Regia di Federico Fellini vedi scheda film
Si può dire che Fellini qui cerchi di ripetere La strada (i punti di raccordo fra Gelsomina e Cabiria sono più d'uno), ma improntandolo ad una morale più fideistica, cattolica fino al midollo. C'è una speranza nascosta anche nel baratro più buio: questo è quanto. Eppure, se la si vuole vedere da un'altra, opposta prospettiva, Cabiria, personaggio molto più reale di Gelsomina (da clown in una fiaba a prostituta sui vialoni romani), nel suo rifiuto di abbandonarsi alla disperazione diviene quanto di più testardo e stolido possa concentrarsi nell'animo umano: dopo tanti anni di 'professione' è ancora disposta ad accettare ogni tipo di sopruso nel nome del vero amore. Sognatrice o illusa? Testarda o fedele? Candida o stupida? Certo è che la Masina ce la mette tutta e fa la sua bella figura (molto meglio qui che nella Strada), protagonista unica al centro della scena per tutto il film; Nazzari compare brevemente in una parte autoironica, Périer rende molto efficacemente un credibile Oscar (l'uomo delle speranze di Cabiria). E l'Oscar in effetti arriva. Primo finale corale alla Fellini.
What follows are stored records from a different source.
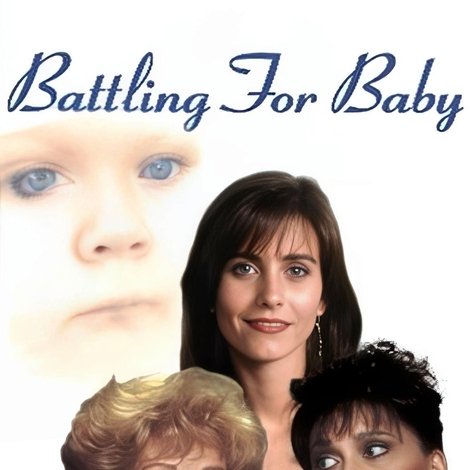 Battling for Baby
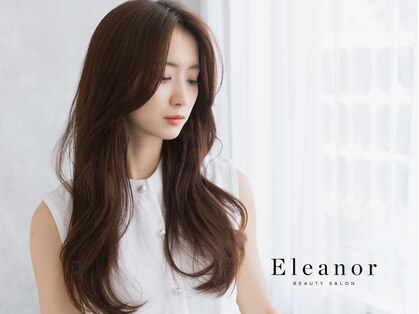 エレノア スパアンドトリートメント 新宿(Eleanor)の写真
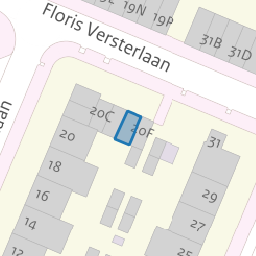 Perceel OGT00-C-5457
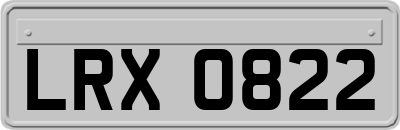 LRX0822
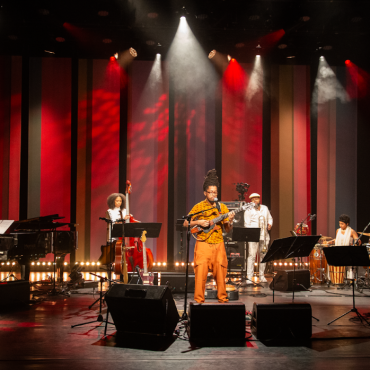 Casa Natural Musica 2025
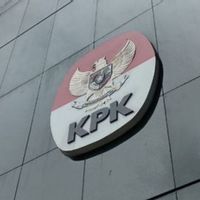 KPK呼吁三名TNI退休人员在PT DI中腐败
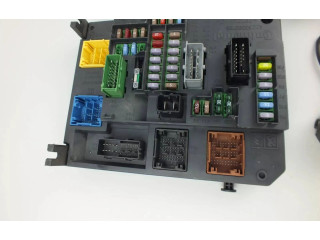 Řídící jednotka 9678628780, 9663123380 Peugeot 508 2012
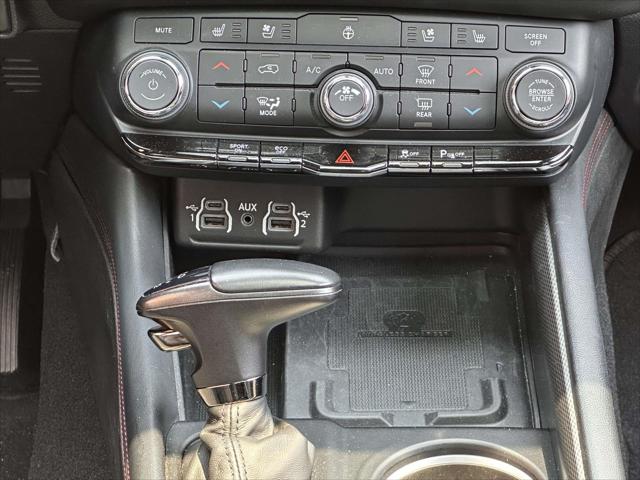 2023 Dodge Durango R/T Plus AWD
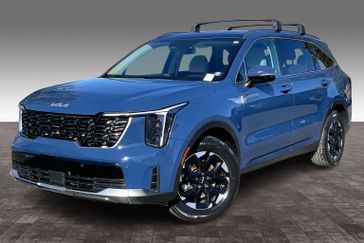 Used 2024 Kia Sorento S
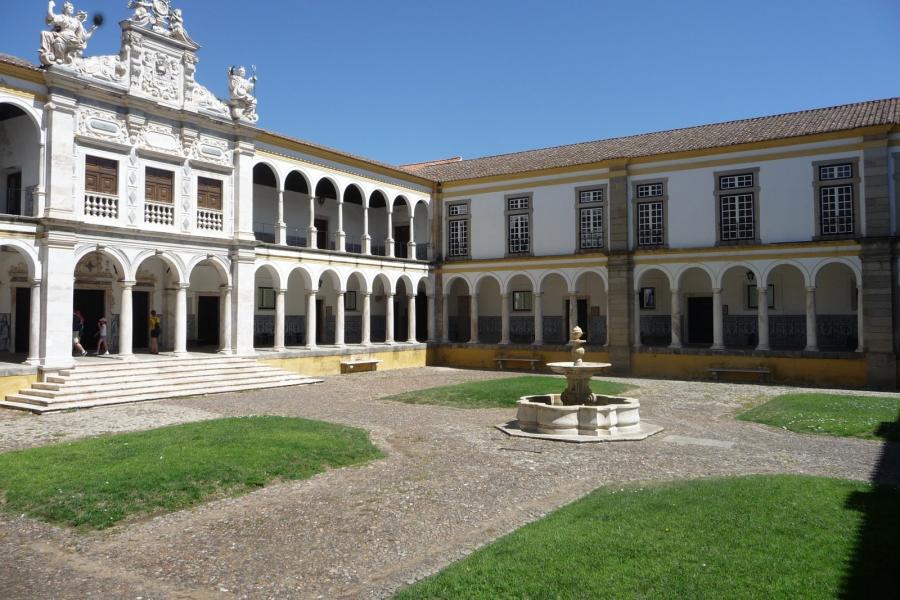 university
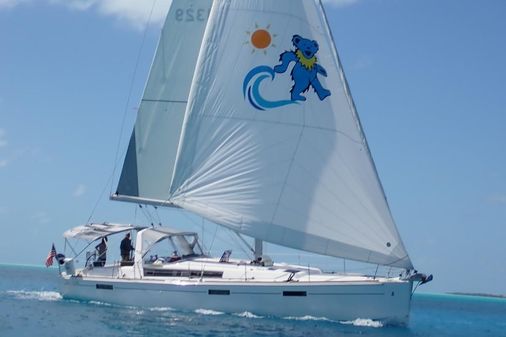 Beneteau Oceanis 45 image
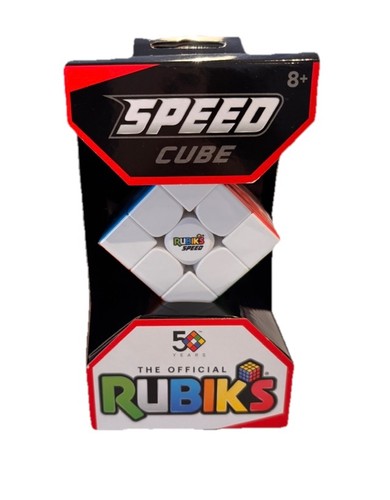 Rubik 2x2 speed cube - rubik's,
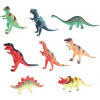 Dinosaurus so zvukom, 8 druhov, 21 - 29 cm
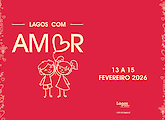 Lagos celebra o amor com programação especial de São Valentim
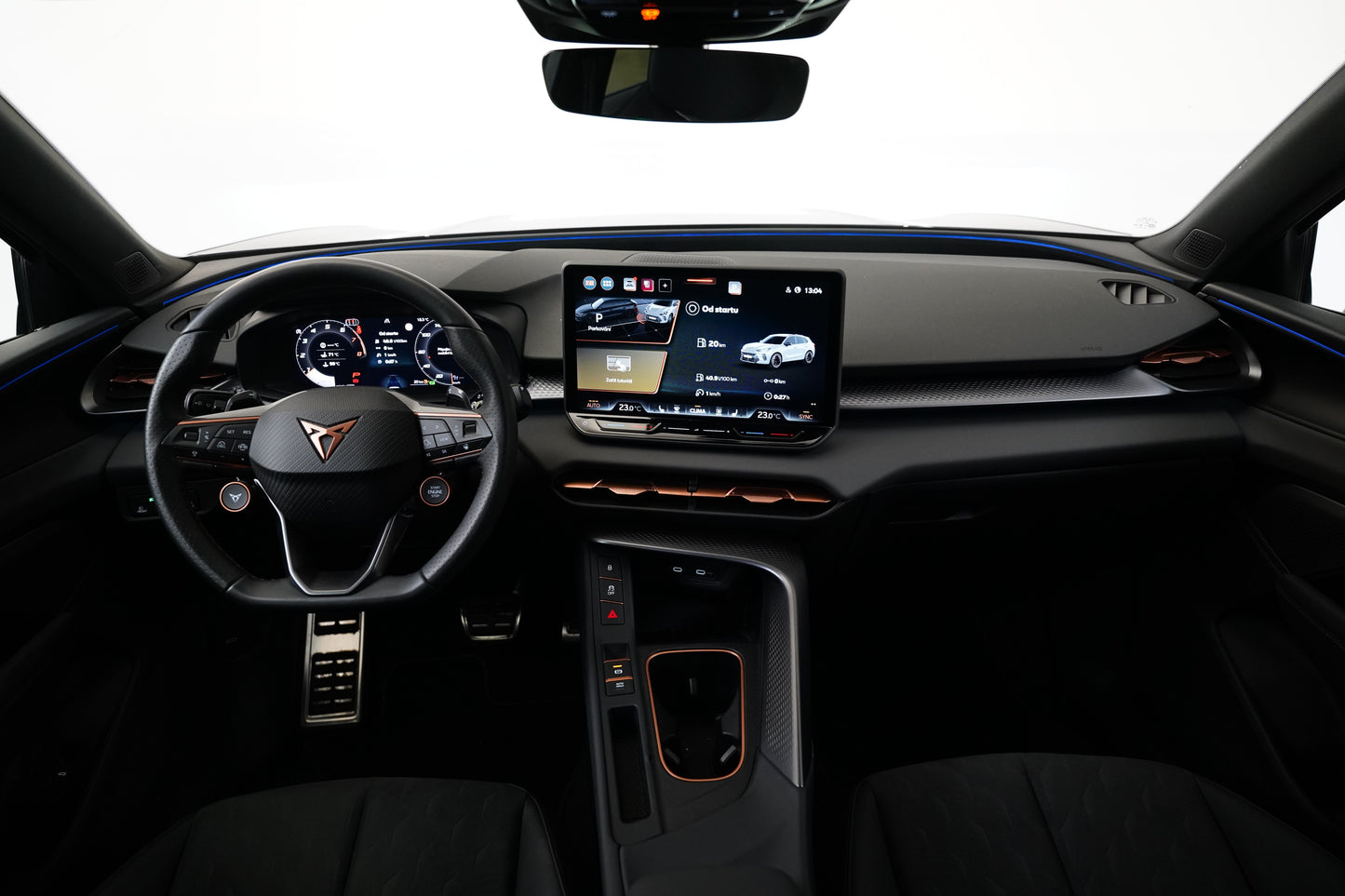 Cupra Terramar 2.0 TSI 150 kW DSG 4x4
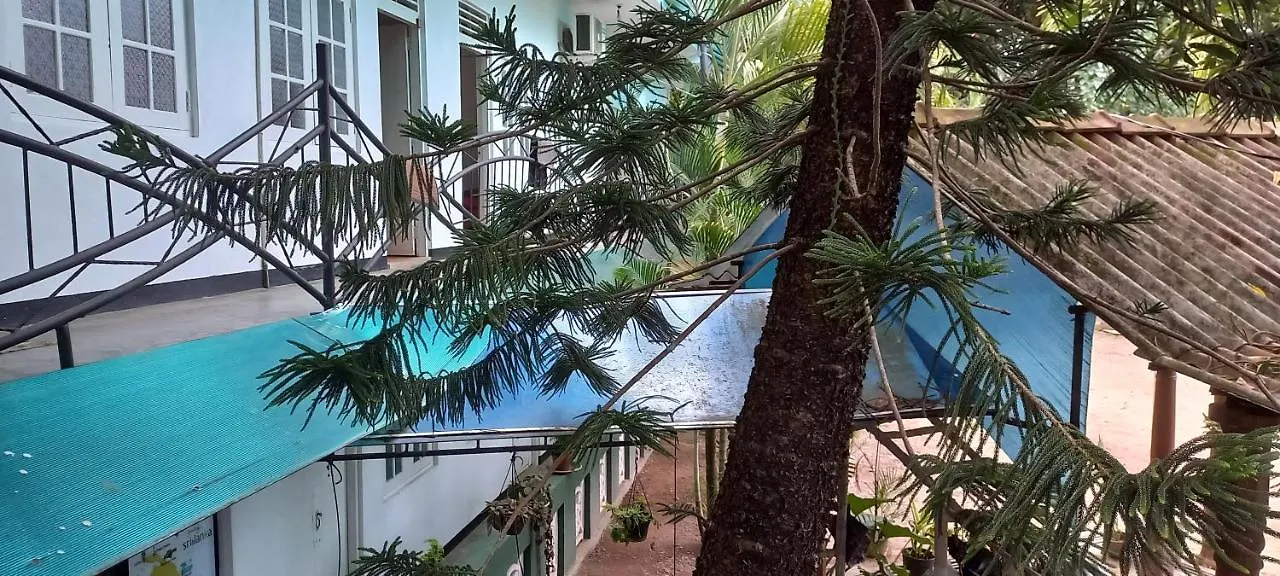 Hostel Shady Transit Hotel Katunayake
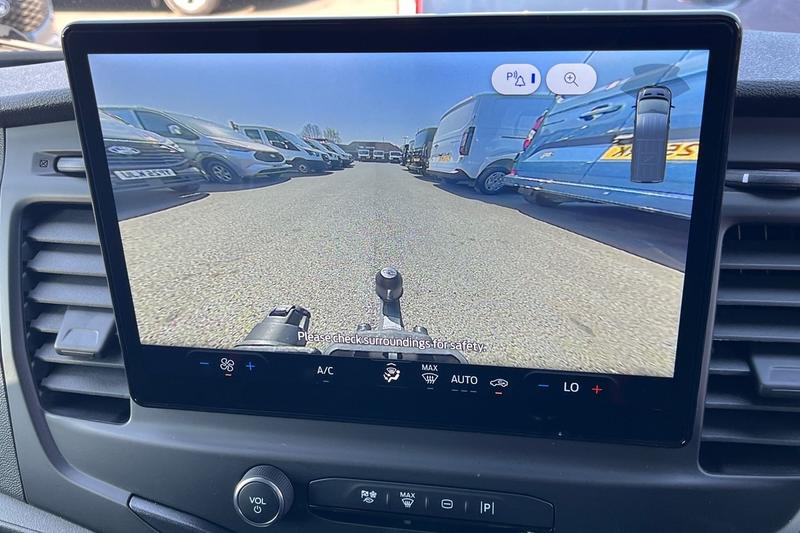 Used Ford Transit 2025 for sale - 78171991: Photo 18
Cabiria è una prostituta romana. A parte le solite aggressioni ed i clienti cafoni, se la passa abbastanza bene: ha una casetta sua ed un po' di soldi da parte; ingenuamente ancora crede nell'amore. Una sera, tramite il numero di un ipnotizzatore, conosce Oscar, timido ed apparentemente innamorato di lei. Entro breve i due fanno grandi progetti: ma ancora una volta Oscar voleva solo derubarla. Cabiria, di nuovo sola e povera, si aggrega a dei ragazzi che cantano, ancora una volta spensierata.